• Task prompt:
Beginning at the line that mentions "Goyard Goyardine Saigon Mini Red 7 of 9", retype the rest of the records below exactly. Pictures are not part of the copy.
*** Exercise material Section Begins ***
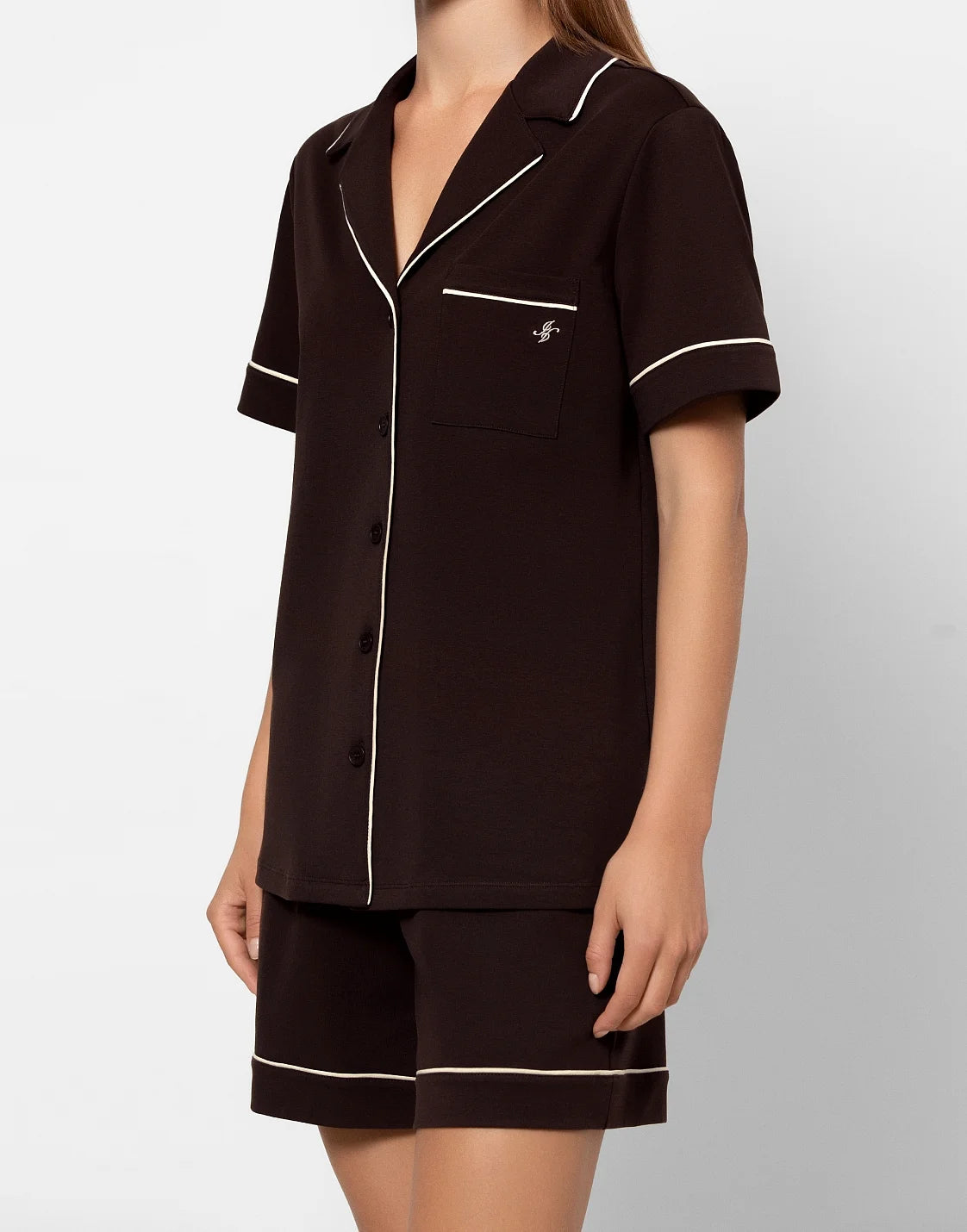 Camicia a maniche corte PD1076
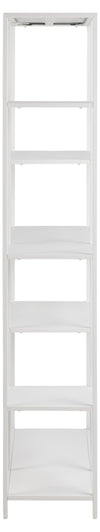 Actona Biblioteca din metal, Newcastle Alb, l79,5xA30xH165 cm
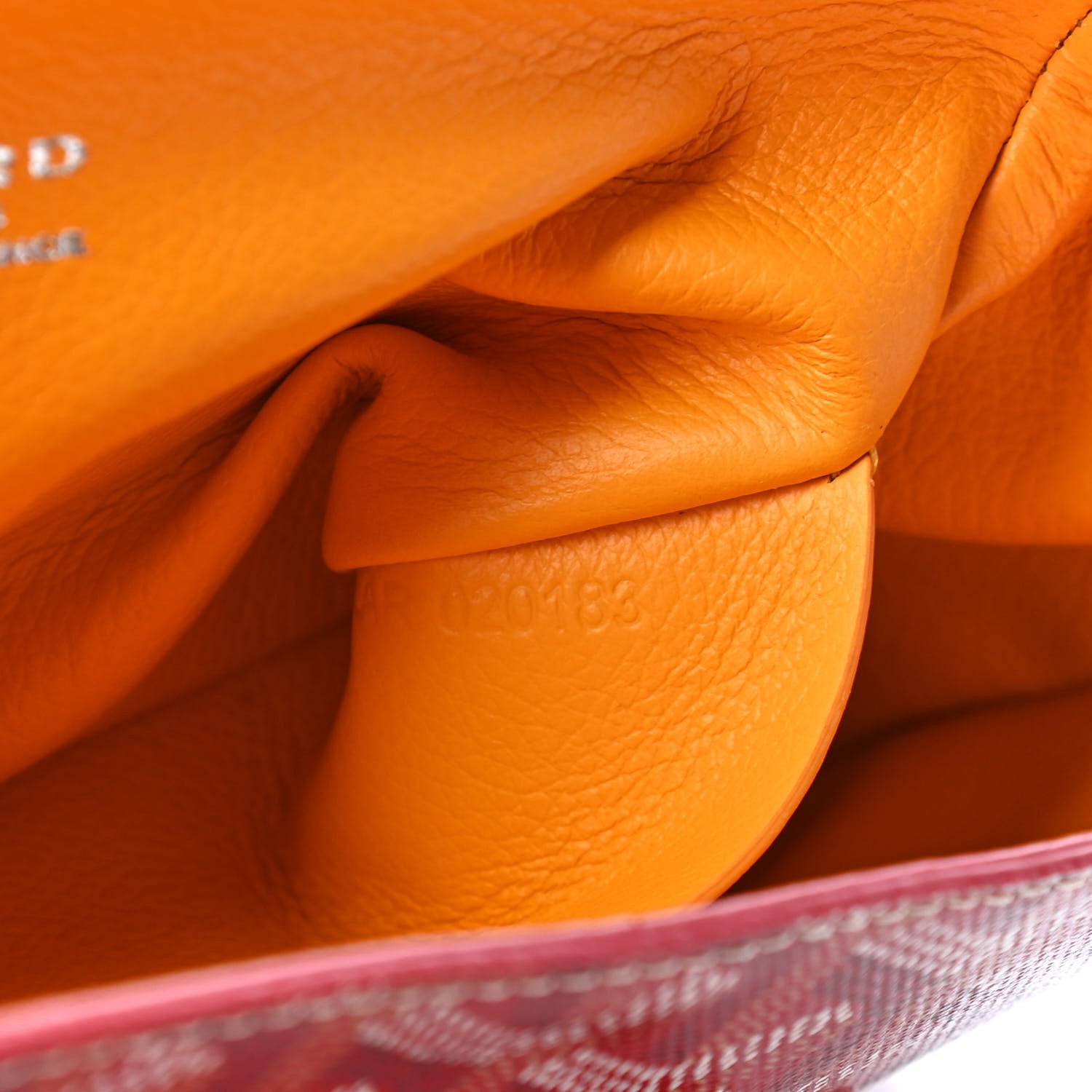 Goyard Goyardine Saigon Mini Red 7 of 9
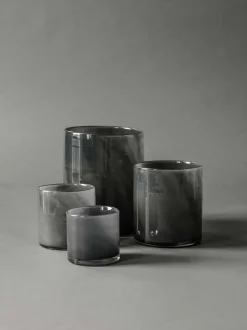 Portavelas Lyric L, gris oscuro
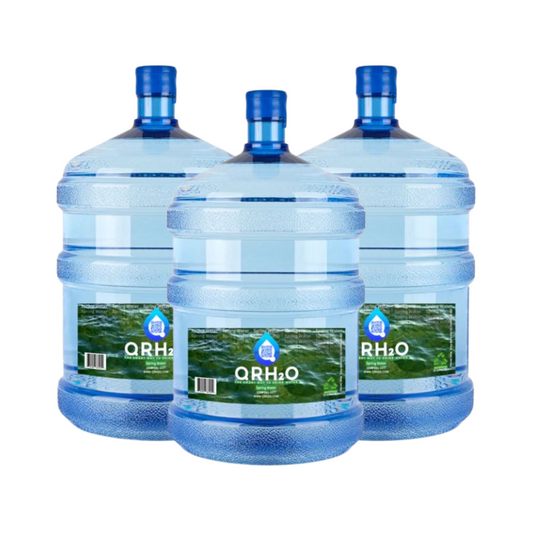 3x 5-Gallon 100% Spring Water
*** Exercise material Section Ends ***
• Answer box:
 Goyard Goyardine Saigon Mini Red 7 of 9
 Portavelas Lyric L, gris oscuro
 3x 5-Gallon 100% Spring Water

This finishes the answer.